Accountancy watchdog drops investigation into ex-Tesco finance chief

Tesco logo
In September 2014, five months after Laurie McIlwee left, Tesco revealed a £263m black hole in its accounts. Photograph: Toby Melville/Reuters

The accountancy watchdog has dropped an investigation into the former Tesco chief financial officer Laurie McIlwee, nearly two years after an accounting scandal emerged at the supermarket.

McIlwee left his job at Tesco in April 2014 with a £1m payoff following tensions with the then chief executive, Philip Clarke. Five months later, Clarke’s successor, Dave Lewis, flagged up the discovery of a black hole in the company’s accounts that was eventually valued at £263m.

In December 2014, the Financial Reporting Council, the accountancy watchdog, launched an investigation into the actions of Tesco’s financial team, including McIlwee, and the role of its auditor, PwC, in the profits overstatement.

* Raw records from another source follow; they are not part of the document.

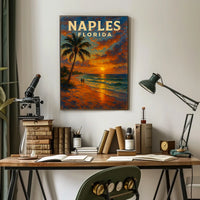 Naples Florida Sunset Poster Wall Art 18x24 Coastal Decor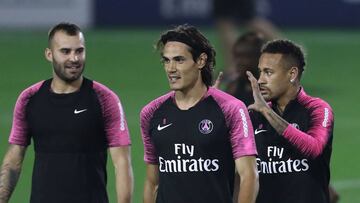 Jesé, con Cavani y Neymar.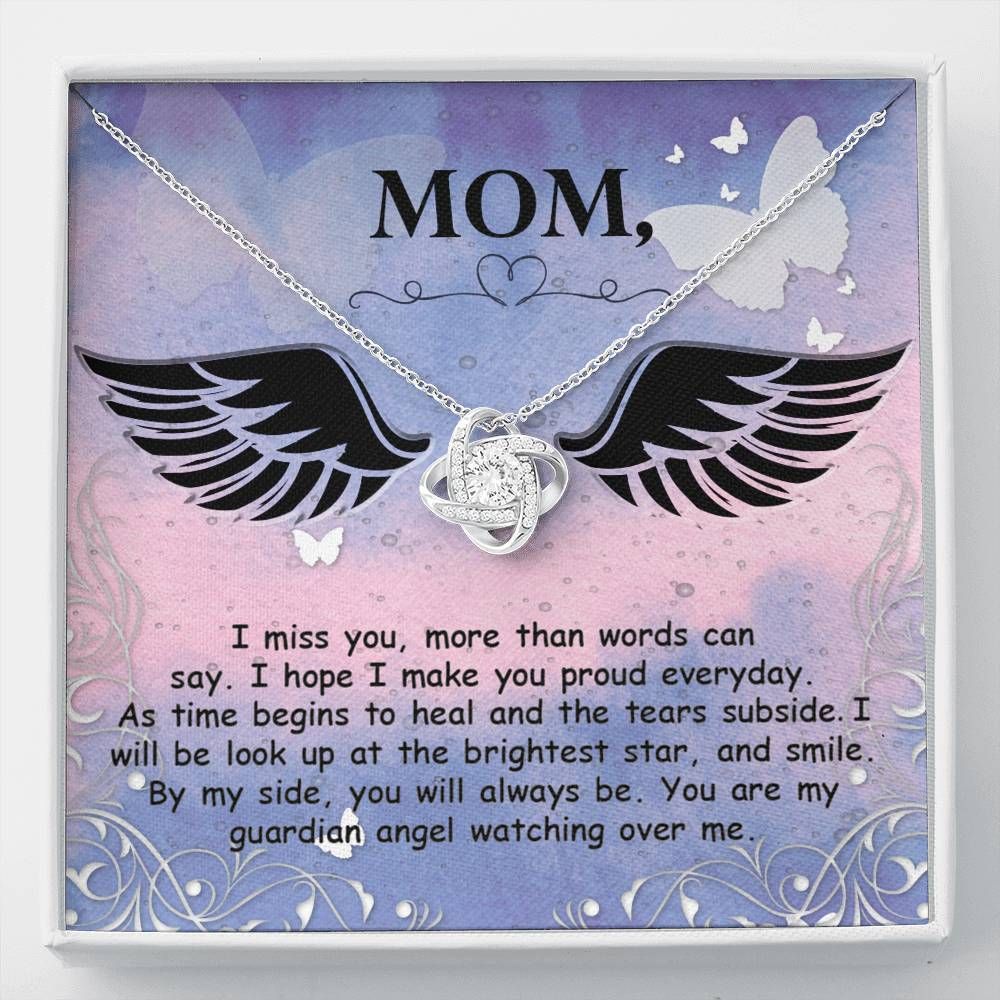 Gift For Mom Love Knot Necklace I Miss You More Than Words Can Say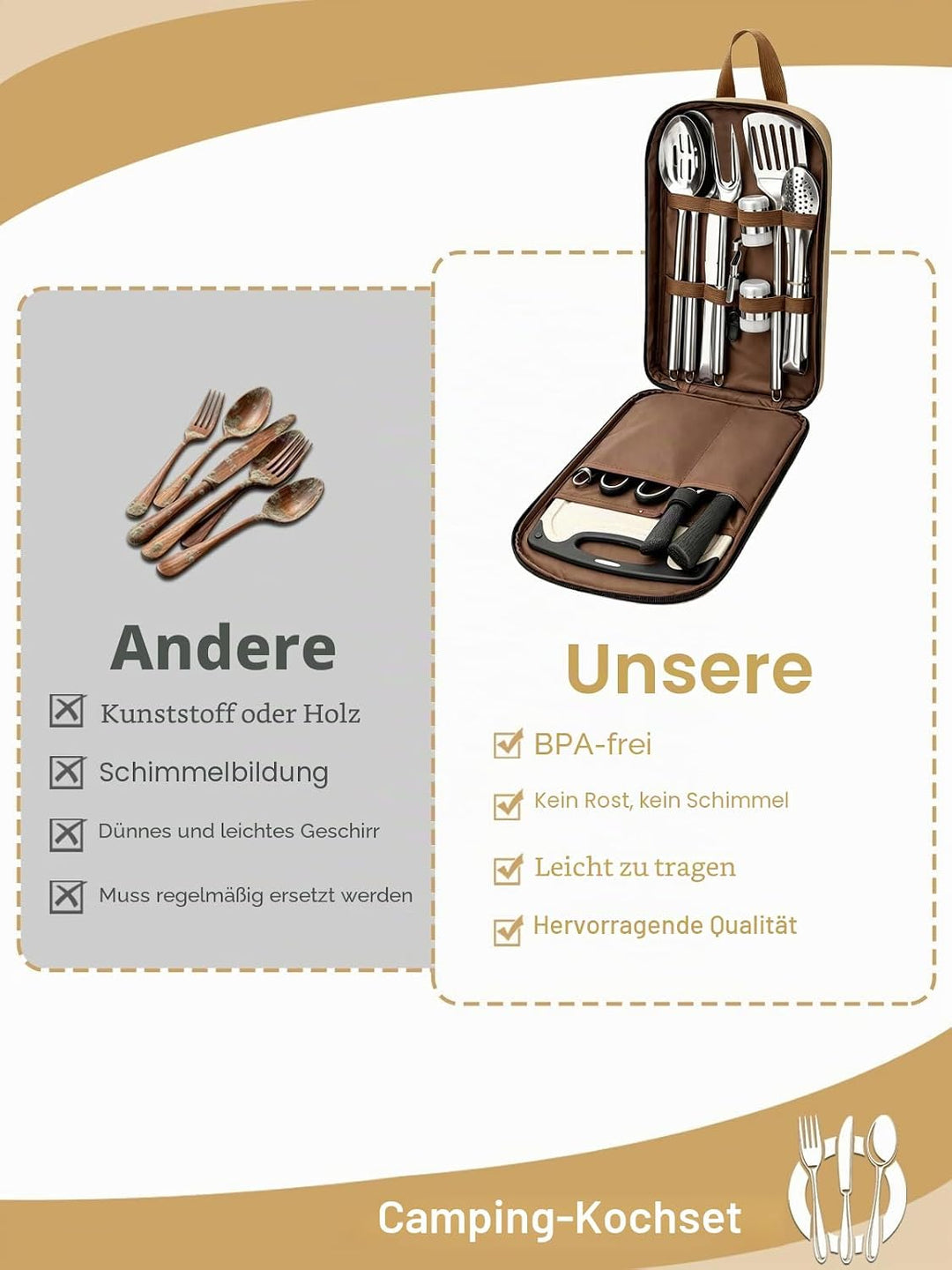 Camping-Kochgeschirr, 15pcs Camping Zubehör Kochen Camp Essentials Edelstahl Outdoor Kochgeschirr mi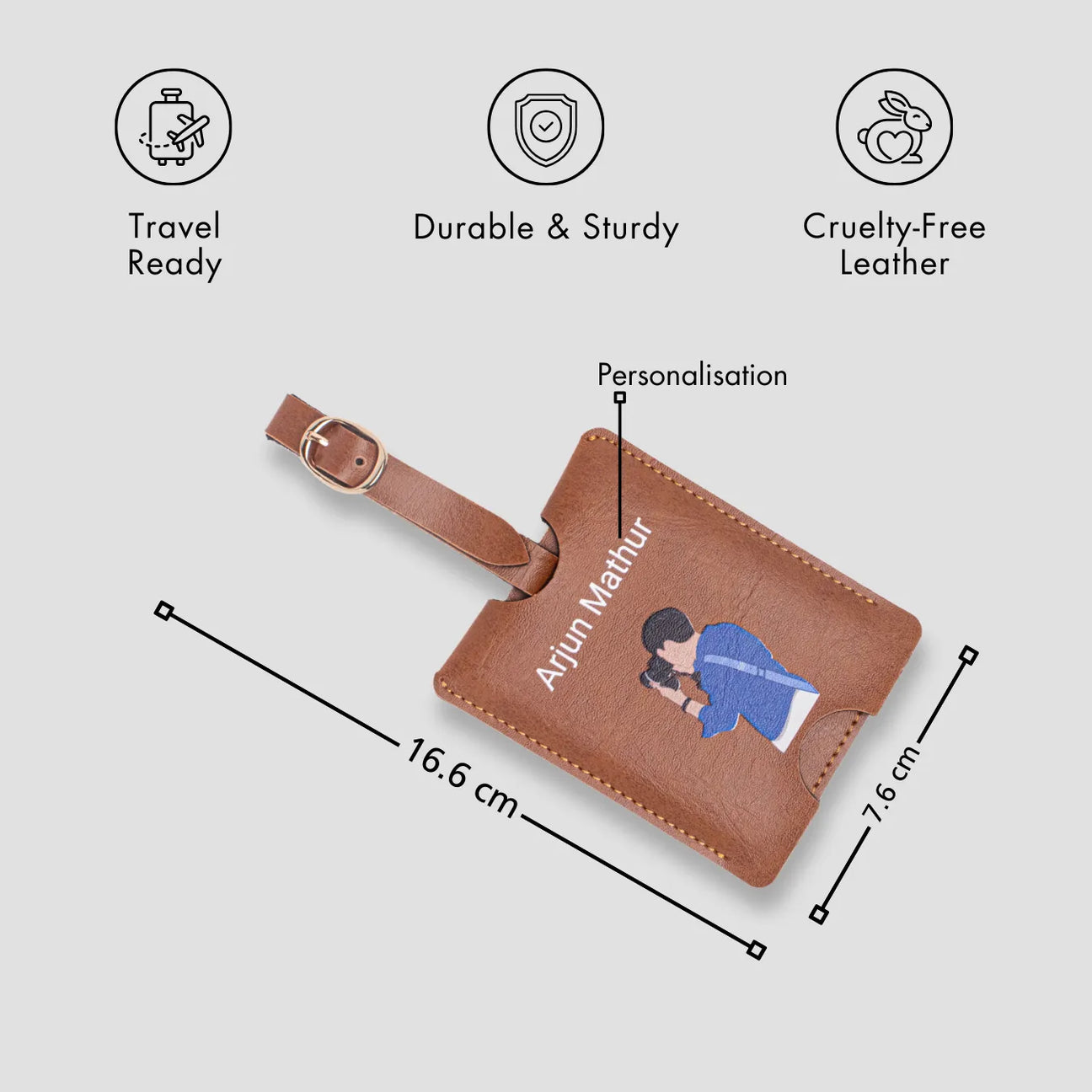 Tan personalised luggage tag with size details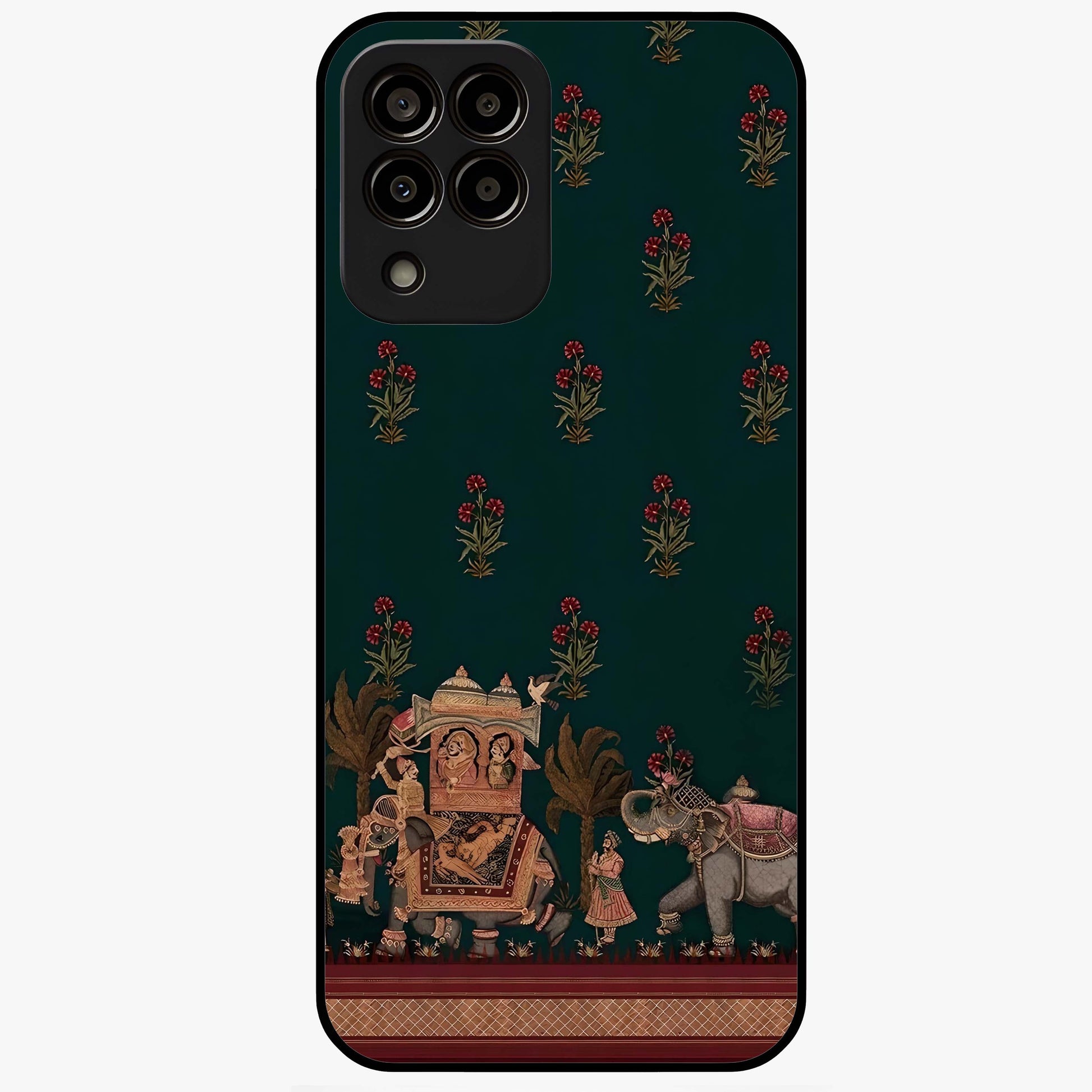 Macmerise Glass Case showing flat back view with stylish modern artwork and glossy glass finish.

On Wednesday, the FRC said it had closed the investigation into McIlwee after concluding that there was “no realistic prospect that a tribunal would make an adverse finding in relation to [his] conduct”.

PwC remains under investigation. The scandal is also being looked at by the Serious Fraud Office, which interviewed Clarke under caution last year. It is understood that McIlwee has been interviewed by the SFO, but only as a witness, and he is not being considered for prosecution.

The FRC clearance means that McIlwee, who has not been in full-time work since leaving Tesco, is unlikely to face any action over the scandal and can look for a new role.

The move also suggests that the SFO may be preparing to release the findings of its investigation.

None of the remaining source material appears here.